Maël wrote:As really flexible regular expressions (with some sugar) mean that I have to roll my own implementation, expect this feature not before version 1.8 or 1.9.
I've never really known a use for matching 4bits out of a byte, not that there aren't people out there who might.

May I recommend using the PCRE regex library instead of spending a lot of time implementing of your own "regex style" search functionality?

It should be fairly simplistic to convert a search syntax like this:
81 8F E3 F7 9E . . . . 9F FF 8E 87 6F 47 87
(or maybe double dots such that the spacing remains the same?)

To something like this:
\x81\x8F\xE3\xF7\x9E....\x9F\xFF\x8E\x87\x6F\x47\x87

I use regular expressions to search files on machine code binaries on a regular basis, but none of those tools are a hex editor, so it would be very nice to integrate that functionality into this particular hex editor. (Fast and light weight = good i.m.o.)

Other examples of useful syntax that is PCRE compatible :

Code: Select all

.*
(matches all bytes until next specified match)

.{1,200}
(matching any byte minimum of 1 times, maximum of 200)

[90-F0] converts to [\x90-\xF0]
(matching bytes from 90 to F0)

(90|FF|55) converts to (\x90|\xFF|\x55)
(matching bytes, 90, FF, or 55)

(?!55) converts to (?!\x55)
(next byte does not equal 55)
All HxD needs to do is recognize bytes and convert it to the regular expression format.

The Function pcre_compile() will tell you if the notation is bad, and pcre_exec() returns the address of the match plus the length, so it would be easy to update the selection in the editor.

This makes the matching engine extremely flexible, and forces the user to simply be familiar with regular expression notion without the ugly syntax. (\x00)

Maël
Site Admin
Posts: 1129
Joined: 12 Mar 2005 14:15

Post by Maël » 03 Mar 2007 18:09

I don't know if there is really a need for a full blow perl regular expressions. My first thought was more to implement "real" regular expressions (i.e. what can be done with an DFA) with an slightly extended syntax that allows to specify byte patterns. AFAICT all your examples would be achievable this way.
b0ne wrote:The Function pcre_compile() will tell you if the notation is bad, and pcre_exec() returns the address of the match plus the length, so it would be easy to update the selection in the editor.
The issue with this is that I allow searching streams of any size (also GBs of data) which means I have to adapt the searching (as not everything can be held in memory). I will first have to investigate how much I would need to adapt the PCRE lib to achieve this. This also means I can't simply use the code, but will have to analyze and understand it.
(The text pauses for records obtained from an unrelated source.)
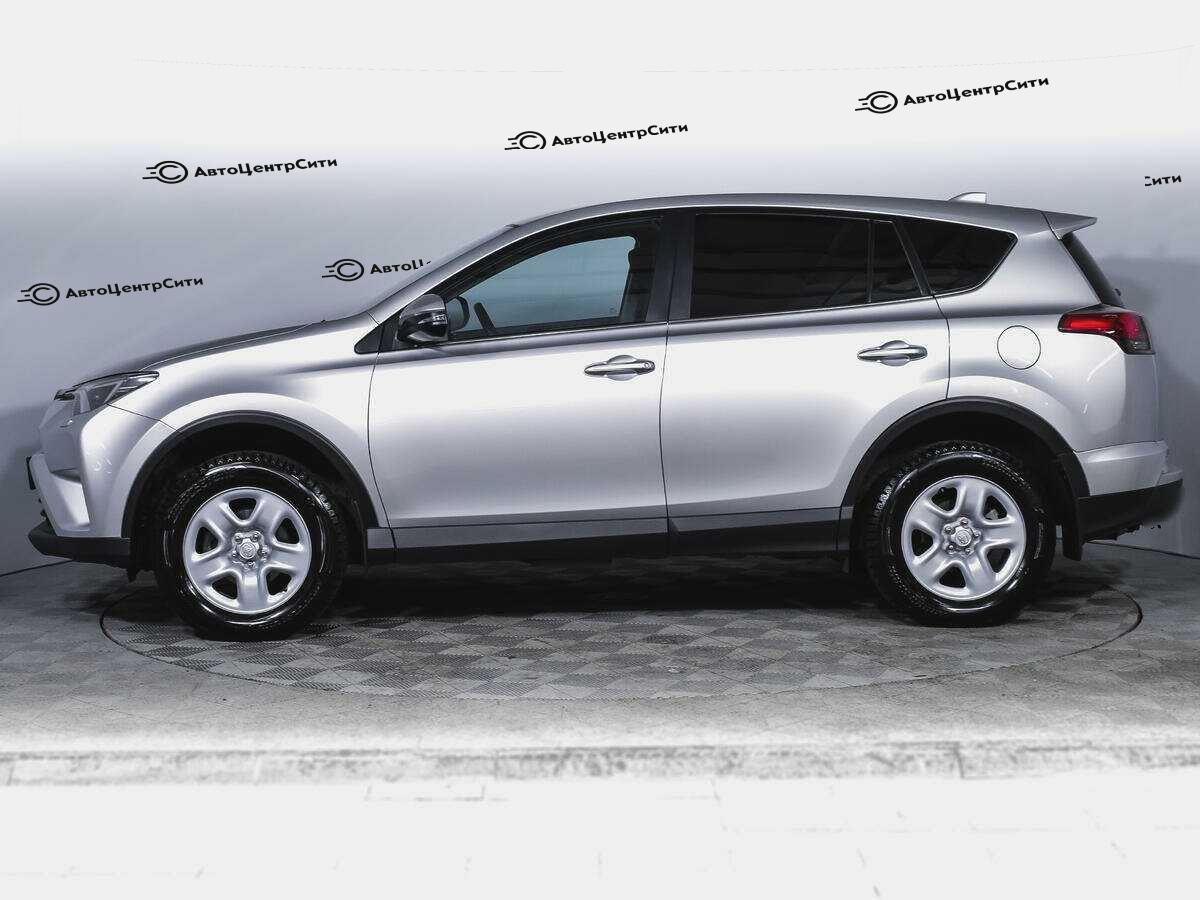 Toyota RAV4 с пробегом — 2018 год. Фото: #7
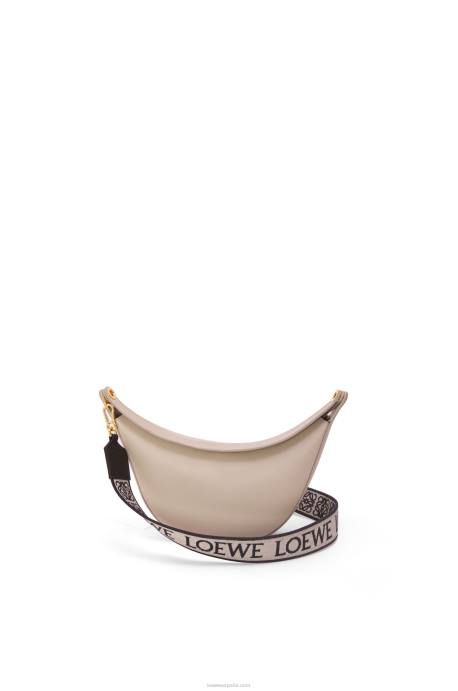 Loewe mujer Bolso luna pequeño de piel de becerro satinada y jacquard LP64475 avena ligera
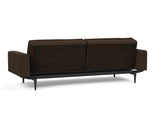 Dublexo Styletto Black Wood sovesofa med armlæn i 358 Taura Chocco, set skråt bagfra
b0ne wrote:I use regular expressions to search files on machine code binaries on a regular basis
Could you give me some links to those tools, so I can see how they handle binaries?

b0ne
Posts: 5
Joined: 02 Mar 2007 18:40

Post by b0ne » 06 Mar 2007 17:12

The issue with this is that I allow searching streams of any size (also GBs of data) which means I have to adapt the searching (as not everything can be held in memory).
Perhaps a checkbox to enable "full" regular expressions that will scan the full buffer with the understanding that it cannot be performed on giant streams? It doesn't seem wise to use complicated regular expressions on GBs of data to begin with...
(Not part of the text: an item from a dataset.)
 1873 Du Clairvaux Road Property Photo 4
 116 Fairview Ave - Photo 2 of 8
Alternatively, a condition where if the scan is going to be extremely large, to allow only regular expressions that have bounds on their repetitions such that you can overlap the buffers that are provided to PCRE?

For instance, you have read in 4 blocks of memory, each 32 bytes in size. You know your pattern matches a maximum of 16 bytes.

The pattern cannot match across blocks 1 to 3 or 2 to 4. Knowing this you could free 1 after you've scanned across 1 and 2, then free 2 after you've scanned across 2 and 3.
Could you give me some links to those tools, so I can see how they handle binaries?
Well, some are closed source like PowerGrep, it handles binary searches (not very well) and is closed source. There are tools I use at my job which utilize PCRE, but those aren't hex editors... :) I was privy to the implementation of the internal ones, all of them rely on passing the entire buffer to PCRE.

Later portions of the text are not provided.